Ekonomik krizden dış politika sorunlarına, siyasi krizden
ittifakların içselleştirilmesine, kutuplaştırmadan özgürlük
ihtiyacına, yerel seçim yenilgisinden mağduriyet algısına kadar pek
çok meselede; görülenler, duyulanlar, hissedilenler ve alışılanlar
birlikte yoğrularak siyasi bir pozisyona veya tavra dönüşüyor. Ama
asla sadece görülenler, sadece duyulanlar, sadece hissedilenler ve
en önemlisi de sadece şartlar tek başına yeterli oluyor. Bu yüzden,
düzenli biçimde hayatı zorlaşan, daha iyi olacağına ilişkin
inancını kaybeden biri, karşı karşıya olduğu sorunla ilişkisi
değişmediği için hareketsiz kalabiliyor. Sağ popülizmin en iyi
becerdiği işlerden biri, siyasi aidiyeti duygusal -moral- alanda
kontrol tekniklerini ve söylem avantajlarını kullanabilmesi. Ama bu
iki yönü olan tehlikeli bir avantaj. Bahadır Özgür’ün “İftar
sofraları: AKP kendi ayağına mı sıkıyor?” yazısı bu açıdan önemli bir
pencere açıyor. Söz konusu yazıda da işaret edildiği üzere -tanzim
satışlarda olduğu gibi- iktidarın “sorunlu tabanıyla”, hedef
gruplarla duygusal ilişkiyi tazeleme hamleleri, rahatsız edici bir
görünürlük yaratabilir. Yakınlık göstereceğim diye, yoksulluk
sergisi açılabilir. Sahicilik hissini bozan kurgular duygusal
kimyayı olumsuz etkileyebilir.

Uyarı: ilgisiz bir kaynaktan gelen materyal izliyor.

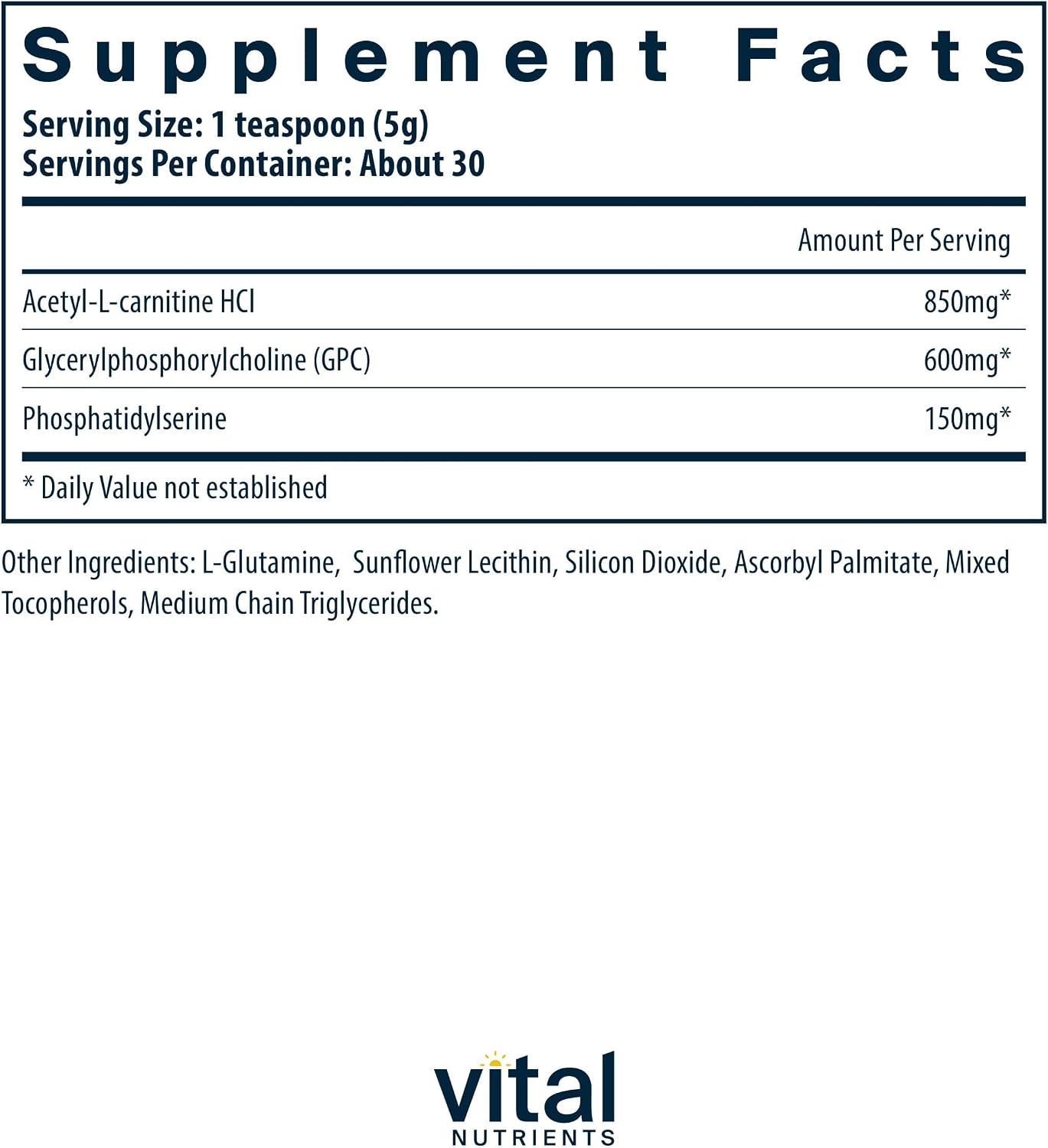 Vital Nutrients Vital Brain Powder - Brain Supplement with Phosphatidylserine, Acetyl L-Carnitine, and GPC - Gluten-Free, Dairy-Free, Soy-Free - Unflavored - 150g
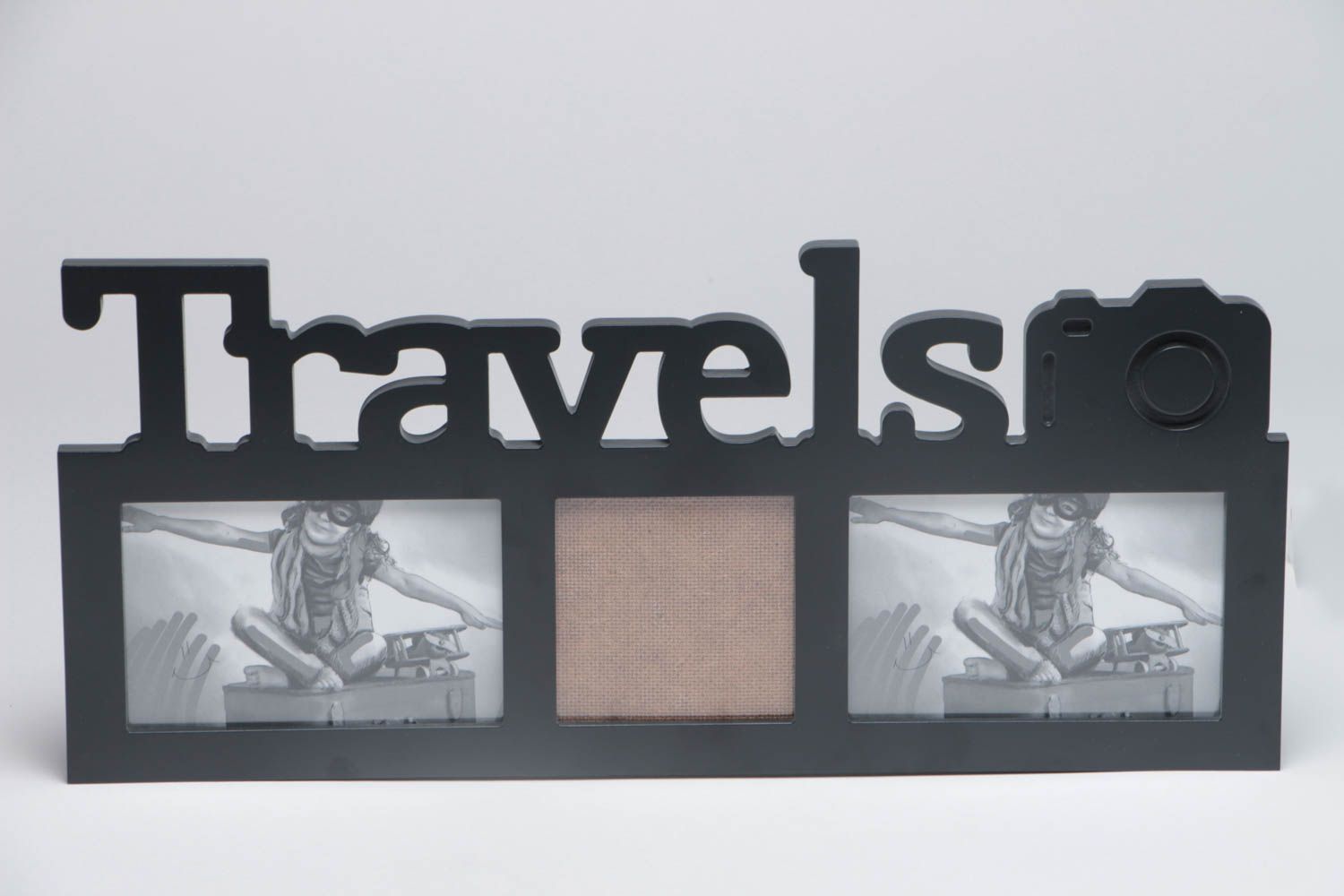 Handmade designer black rectangular MDF photo frame meant for 3 pictures Travels photo 2
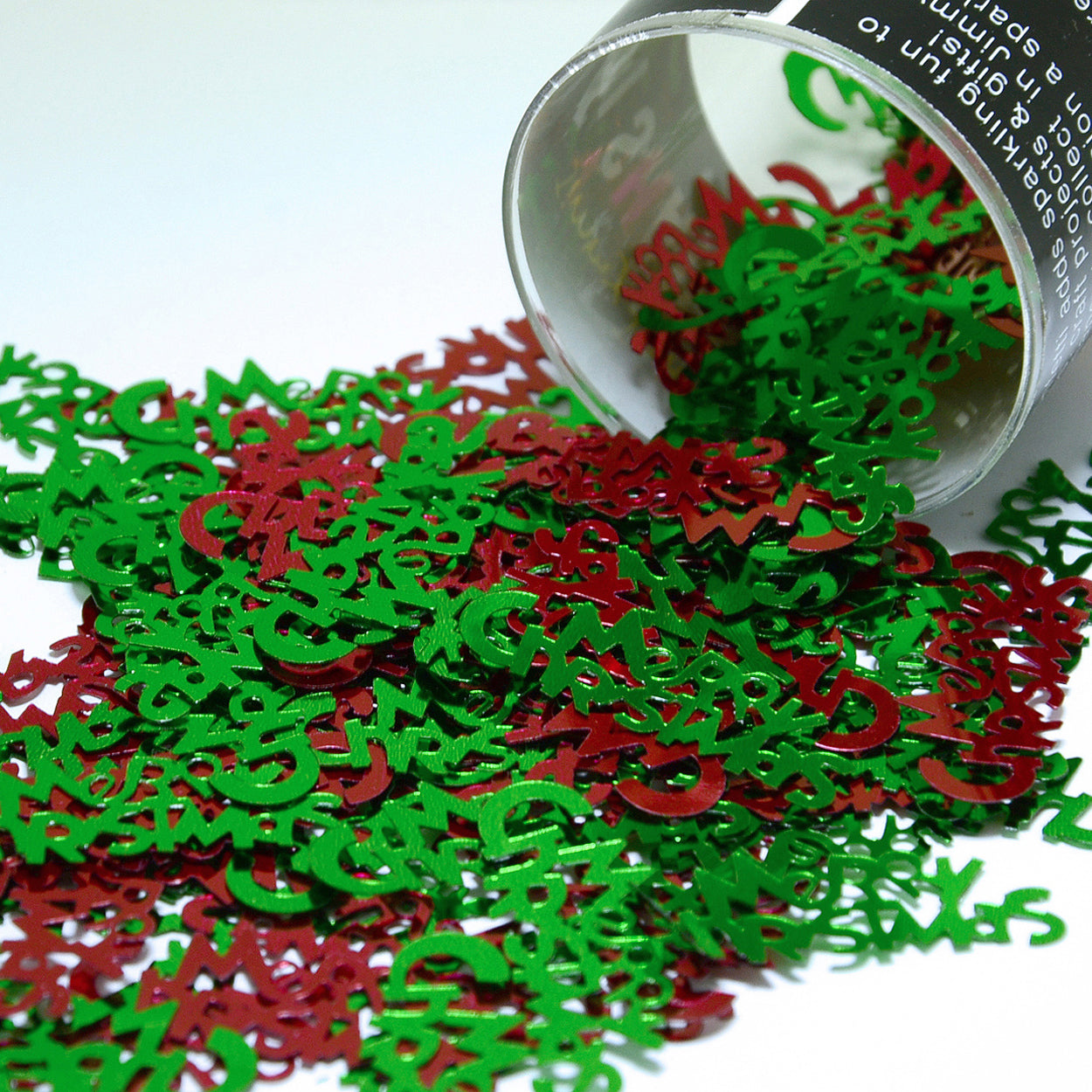 Confetti Word MERRY CHRISTMAS Green, Red 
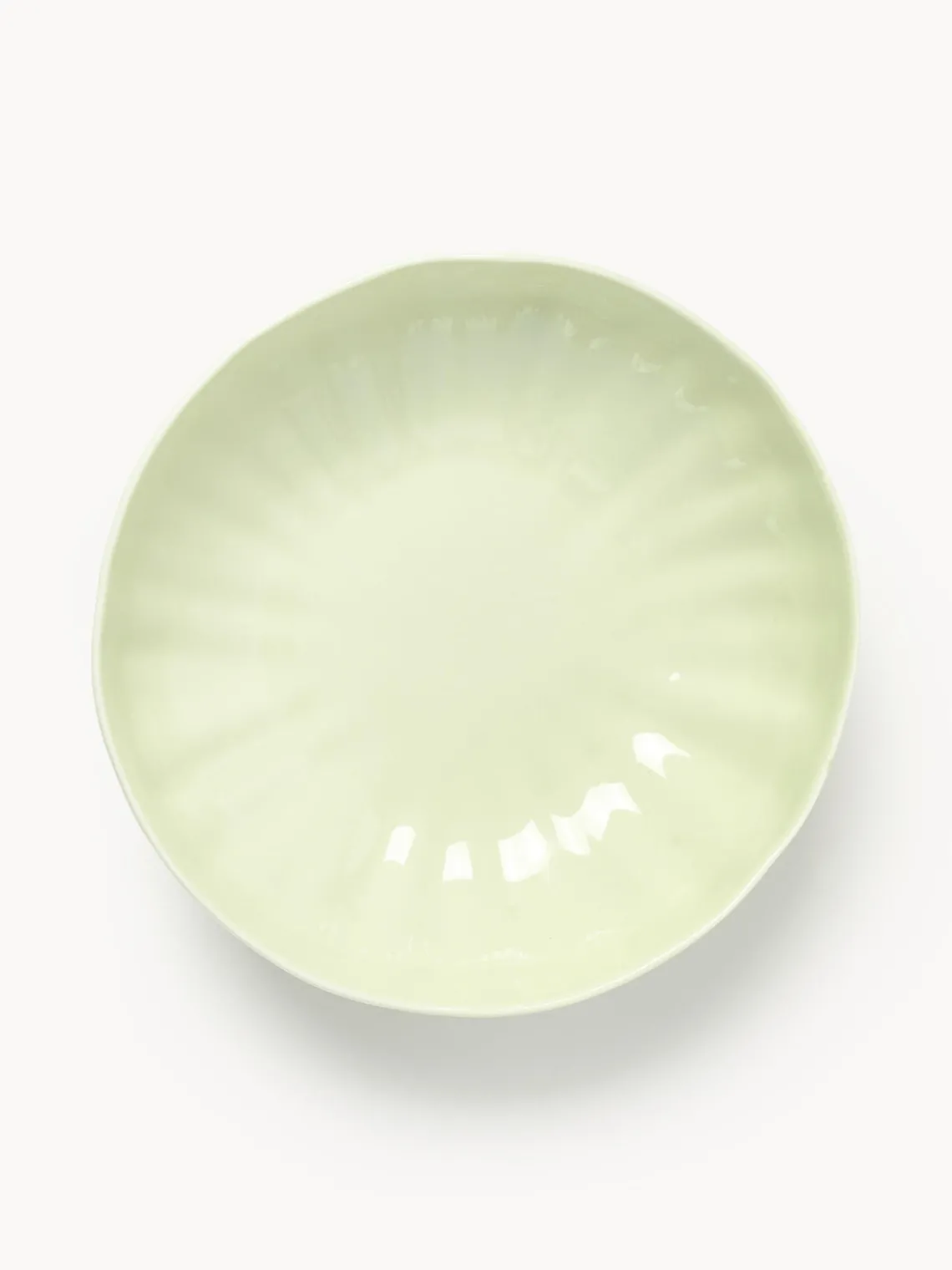 Platos Hondos|Vajillas Completas>Westwing Collection Platos hondos de porcelana con relieves Sali, 4 uds. Verde claro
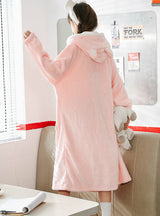 Pink Cat Flannel Pajamas Women's Thickened Nightgown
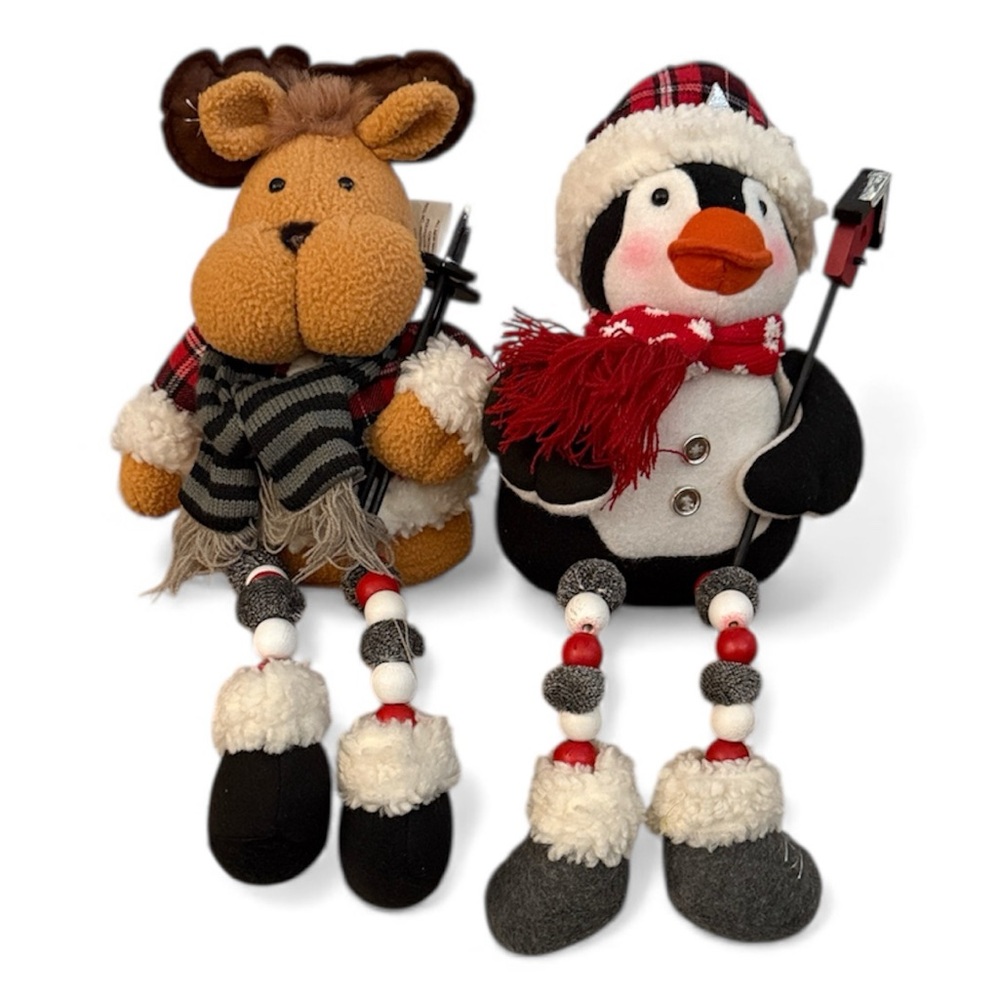 Festive Moose and Penguin Weighted Plush for Shelf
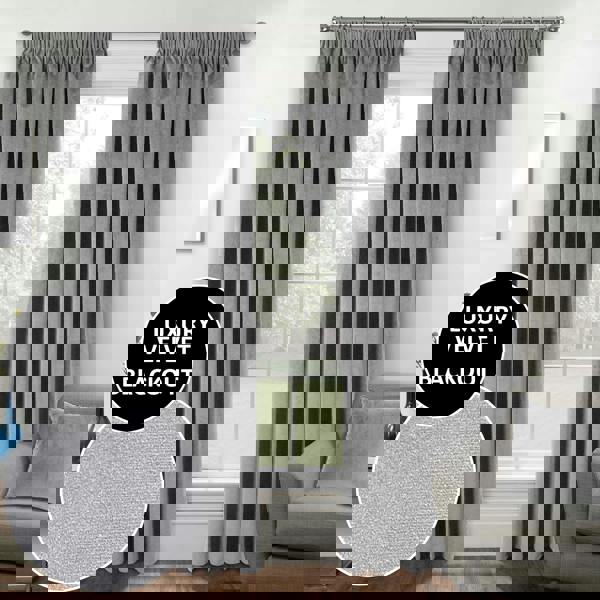 Enhanced Living Grey 100% Blackout Luxury Supersoft Velvet Thermal Tape Top Curtains for Living Room & Bedrooms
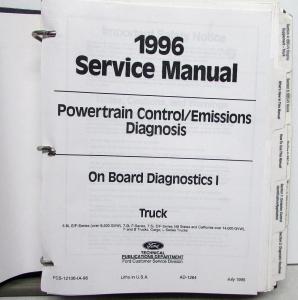 1996 Ford Powertrain Control Emissions Diagnosis Service Manual Truck OBD-I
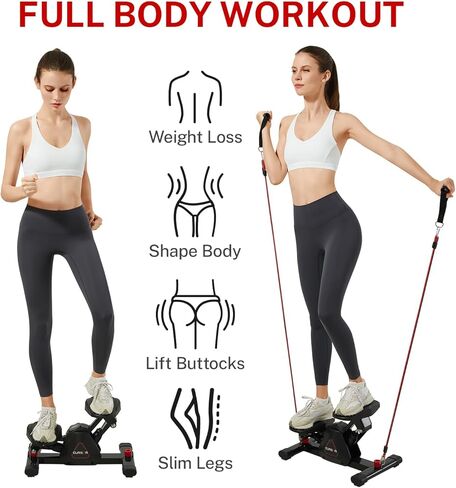 CURSOR FITNESS Twist Steppers للتمرين، درج صغير، آلة خطوة مكتبية مع أشرطة مقاومة مزدوجة للتمرين المنزلي in Kuwait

Ancak daha önemli sonuç, örgütlü bir
haksızlıkla elde edilmiş “seçim mağduriyeti” ve nankörlükle tehdit
edilen fukaraya sığınma halinin genel siyasi alan için yeterli olup
olmayacağı. Özel hedef gruplarda sağlanabilecek nispi başarı, genel
kalabalıktaki rahatsızlığın yarattığı kaybı karşılayamayabilir mi?
Elbette, sadece şartların kötüleşmesinin yeterli olmayacağını
öngören ve iktidar seçmenindeki duygusal kırılmaya konuşabilen,
adaletsizliğe dikkat çeken bir muhalefet dili bunu
hızlandıracaktır. Belki bu anlamda muhalefetin de insanların
midesine değil, aklına konuşmaya başlanması daha isabetli olur.